:: What is being asked ::
Reproduce word for word the lines between those holding "Toyota Hilux in Gray for Sale Image 0" and "This Royal Enfield", inclusive, and nothing else from the data below.

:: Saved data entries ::

━━━━━━━━━━━━━━━━━━━━

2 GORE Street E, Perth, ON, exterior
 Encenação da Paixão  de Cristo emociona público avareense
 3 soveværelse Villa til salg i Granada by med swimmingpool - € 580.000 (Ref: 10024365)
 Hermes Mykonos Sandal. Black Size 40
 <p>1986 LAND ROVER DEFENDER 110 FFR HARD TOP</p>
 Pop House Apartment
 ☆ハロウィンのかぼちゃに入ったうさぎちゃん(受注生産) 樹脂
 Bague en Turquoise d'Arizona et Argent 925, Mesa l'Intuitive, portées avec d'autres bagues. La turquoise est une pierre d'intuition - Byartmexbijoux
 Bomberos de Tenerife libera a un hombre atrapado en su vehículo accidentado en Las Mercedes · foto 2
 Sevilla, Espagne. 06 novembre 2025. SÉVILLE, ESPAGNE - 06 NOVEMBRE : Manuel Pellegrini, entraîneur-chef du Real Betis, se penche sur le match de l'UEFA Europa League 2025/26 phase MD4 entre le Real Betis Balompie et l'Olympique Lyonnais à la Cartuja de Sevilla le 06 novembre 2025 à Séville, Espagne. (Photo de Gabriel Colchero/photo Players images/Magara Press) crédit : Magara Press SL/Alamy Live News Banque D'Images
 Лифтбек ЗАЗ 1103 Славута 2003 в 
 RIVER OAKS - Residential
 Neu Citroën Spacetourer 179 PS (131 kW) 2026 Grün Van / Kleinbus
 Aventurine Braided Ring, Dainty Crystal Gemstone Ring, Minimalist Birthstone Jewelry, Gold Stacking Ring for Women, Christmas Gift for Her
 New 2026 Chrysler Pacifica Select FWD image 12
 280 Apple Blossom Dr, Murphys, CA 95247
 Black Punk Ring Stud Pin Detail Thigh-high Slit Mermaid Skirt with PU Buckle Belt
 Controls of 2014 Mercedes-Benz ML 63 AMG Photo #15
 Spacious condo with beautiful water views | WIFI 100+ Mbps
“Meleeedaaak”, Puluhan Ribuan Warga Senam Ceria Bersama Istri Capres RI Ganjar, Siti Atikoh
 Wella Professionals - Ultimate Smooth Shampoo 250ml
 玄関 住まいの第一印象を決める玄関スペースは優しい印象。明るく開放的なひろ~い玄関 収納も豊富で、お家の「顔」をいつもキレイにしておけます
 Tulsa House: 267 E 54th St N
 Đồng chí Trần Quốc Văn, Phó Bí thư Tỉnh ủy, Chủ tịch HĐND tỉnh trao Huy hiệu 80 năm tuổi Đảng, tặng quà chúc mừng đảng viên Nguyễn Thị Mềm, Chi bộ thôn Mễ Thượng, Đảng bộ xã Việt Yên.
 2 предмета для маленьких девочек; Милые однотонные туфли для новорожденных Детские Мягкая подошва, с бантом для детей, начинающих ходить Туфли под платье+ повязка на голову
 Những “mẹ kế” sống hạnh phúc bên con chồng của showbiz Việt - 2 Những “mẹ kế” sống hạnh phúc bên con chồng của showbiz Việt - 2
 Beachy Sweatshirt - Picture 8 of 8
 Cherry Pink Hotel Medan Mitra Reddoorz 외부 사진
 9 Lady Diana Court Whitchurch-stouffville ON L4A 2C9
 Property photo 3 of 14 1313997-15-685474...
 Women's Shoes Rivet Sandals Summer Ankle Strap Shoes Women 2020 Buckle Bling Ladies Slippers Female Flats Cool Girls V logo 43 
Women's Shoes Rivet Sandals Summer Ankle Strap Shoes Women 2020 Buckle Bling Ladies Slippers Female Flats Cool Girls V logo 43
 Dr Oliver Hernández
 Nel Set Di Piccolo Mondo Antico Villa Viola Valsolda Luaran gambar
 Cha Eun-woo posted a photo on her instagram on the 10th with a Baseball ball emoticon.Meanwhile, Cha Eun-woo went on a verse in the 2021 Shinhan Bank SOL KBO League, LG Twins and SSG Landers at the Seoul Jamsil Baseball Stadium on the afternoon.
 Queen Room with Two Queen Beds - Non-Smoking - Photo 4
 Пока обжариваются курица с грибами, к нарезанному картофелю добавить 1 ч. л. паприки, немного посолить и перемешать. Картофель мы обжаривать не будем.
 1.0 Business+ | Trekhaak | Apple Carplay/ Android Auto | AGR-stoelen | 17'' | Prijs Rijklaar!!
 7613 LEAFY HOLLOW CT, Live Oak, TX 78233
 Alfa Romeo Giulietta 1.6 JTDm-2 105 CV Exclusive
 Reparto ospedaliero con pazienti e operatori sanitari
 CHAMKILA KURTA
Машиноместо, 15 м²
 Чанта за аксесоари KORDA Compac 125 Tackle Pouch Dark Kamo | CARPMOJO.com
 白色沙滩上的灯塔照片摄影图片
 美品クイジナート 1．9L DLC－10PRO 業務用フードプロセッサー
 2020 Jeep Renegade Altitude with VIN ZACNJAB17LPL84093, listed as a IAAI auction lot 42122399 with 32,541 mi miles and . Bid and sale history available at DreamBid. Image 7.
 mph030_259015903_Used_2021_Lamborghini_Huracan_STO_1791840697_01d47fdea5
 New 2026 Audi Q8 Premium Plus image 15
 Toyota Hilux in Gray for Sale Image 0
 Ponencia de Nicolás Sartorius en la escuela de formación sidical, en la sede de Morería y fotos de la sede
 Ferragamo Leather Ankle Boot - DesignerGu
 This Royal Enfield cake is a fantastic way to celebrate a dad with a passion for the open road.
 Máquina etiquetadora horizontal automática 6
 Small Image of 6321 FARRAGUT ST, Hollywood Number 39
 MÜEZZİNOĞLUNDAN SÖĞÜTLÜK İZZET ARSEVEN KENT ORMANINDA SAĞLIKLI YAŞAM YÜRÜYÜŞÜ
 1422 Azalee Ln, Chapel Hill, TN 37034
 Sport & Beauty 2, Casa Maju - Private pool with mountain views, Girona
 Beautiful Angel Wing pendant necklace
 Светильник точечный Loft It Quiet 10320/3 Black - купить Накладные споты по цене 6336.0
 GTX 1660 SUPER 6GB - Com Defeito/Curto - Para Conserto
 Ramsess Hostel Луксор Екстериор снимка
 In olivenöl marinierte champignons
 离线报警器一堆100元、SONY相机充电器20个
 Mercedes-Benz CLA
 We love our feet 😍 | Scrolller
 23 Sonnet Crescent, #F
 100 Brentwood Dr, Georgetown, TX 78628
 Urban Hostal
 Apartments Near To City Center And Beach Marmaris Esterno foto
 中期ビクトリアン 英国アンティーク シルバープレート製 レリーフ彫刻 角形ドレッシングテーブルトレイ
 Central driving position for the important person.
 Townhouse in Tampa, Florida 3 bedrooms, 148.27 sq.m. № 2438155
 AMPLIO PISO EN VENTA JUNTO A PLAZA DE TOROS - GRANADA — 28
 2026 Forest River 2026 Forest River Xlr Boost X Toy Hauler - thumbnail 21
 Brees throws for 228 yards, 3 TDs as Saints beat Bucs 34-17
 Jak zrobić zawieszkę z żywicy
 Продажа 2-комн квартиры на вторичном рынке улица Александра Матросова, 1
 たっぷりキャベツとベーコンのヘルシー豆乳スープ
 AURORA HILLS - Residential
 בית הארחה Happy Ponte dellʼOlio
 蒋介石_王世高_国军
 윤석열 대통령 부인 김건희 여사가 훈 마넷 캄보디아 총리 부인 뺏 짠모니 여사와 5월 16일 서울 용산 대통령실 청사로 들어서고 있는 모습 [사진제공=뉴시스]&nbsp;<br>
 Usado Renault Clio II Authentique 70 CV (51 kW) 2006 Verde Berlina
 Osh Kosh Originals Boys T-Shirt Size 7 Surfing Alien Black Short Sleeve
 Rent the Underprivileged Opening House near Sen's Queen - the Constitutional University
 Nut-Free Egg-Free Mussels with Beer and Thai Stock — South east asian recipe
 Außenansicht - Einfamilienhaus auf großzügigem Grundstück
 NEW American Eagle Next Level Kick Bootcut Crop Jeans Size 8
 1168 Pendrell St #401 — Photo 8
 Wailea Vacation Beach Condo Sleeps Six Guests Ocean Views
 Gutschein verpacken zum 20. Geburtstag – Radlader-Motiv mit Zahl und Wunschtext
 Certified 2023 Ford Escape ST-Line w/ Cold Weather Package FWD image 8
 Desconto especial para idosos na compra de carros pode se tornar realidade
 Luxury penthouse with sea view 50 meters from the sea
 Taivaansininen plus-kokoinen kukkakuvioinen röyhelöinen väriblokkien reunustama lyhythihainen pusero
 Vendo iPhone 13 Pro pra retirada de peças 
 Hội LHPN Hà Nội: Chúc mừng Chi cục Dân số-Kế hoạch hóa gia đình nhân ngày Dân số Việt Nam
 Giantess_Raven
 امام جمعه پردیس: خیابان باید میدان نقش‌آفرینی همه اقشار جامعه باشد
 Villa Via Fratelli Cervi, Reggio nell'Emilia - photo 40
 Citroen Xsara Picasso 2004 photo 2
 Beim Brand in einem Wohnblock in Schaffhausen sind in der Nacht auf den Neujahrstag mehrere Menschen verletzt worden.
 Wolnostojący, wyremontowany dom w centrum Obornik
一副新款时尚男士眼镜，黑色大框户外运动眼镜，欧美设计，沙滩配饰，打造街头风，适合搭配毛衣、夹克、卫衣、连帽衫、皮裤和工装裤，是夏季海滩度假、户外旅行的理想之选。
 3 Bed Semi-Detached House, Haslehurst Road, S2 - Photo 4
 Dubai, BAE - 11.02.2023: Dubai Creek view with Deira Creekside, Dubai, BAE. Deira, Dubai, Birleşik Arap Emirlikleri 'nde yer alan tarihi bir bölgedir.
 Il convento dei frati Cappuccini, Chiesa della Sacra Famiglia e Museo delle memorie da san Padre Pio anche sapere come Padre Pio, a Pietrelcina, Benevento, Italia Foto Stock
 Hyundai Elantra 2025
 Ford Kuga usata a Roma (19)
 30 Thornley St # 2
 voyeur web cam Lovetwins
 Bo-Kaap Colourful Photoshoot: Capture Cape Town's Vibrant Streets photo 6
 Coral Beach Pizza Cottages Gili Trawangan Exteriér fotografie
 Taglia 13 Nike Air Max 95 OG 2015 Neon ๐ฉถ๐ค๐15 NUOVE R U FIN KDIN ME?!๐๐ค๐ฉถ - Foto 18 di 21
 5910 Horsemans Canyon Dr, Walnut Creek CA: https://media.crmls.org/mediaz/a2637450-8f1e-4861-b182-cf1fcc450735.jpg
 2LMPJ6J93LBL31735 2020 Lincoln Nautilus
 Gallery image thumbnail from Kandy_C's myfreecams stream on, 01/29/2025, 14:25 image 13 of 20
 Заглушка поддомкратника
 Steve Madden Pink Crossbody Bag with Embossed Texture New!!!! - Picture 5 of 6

━━━━━━━━━━━━━━━━━━━━

:: Response to this task ::
 Toyota Hilux in Gray for Sale Image 0
 Ponencia de Nicolás Sartorius en la escuela de formación sidical, en la sede de Morería y fotos de la sede
 Ferragamo Leather Ankle Boot - DesignerGu
 This Royal Enfield cake is a fantastic way to celebrate a dad with a passion for the open road.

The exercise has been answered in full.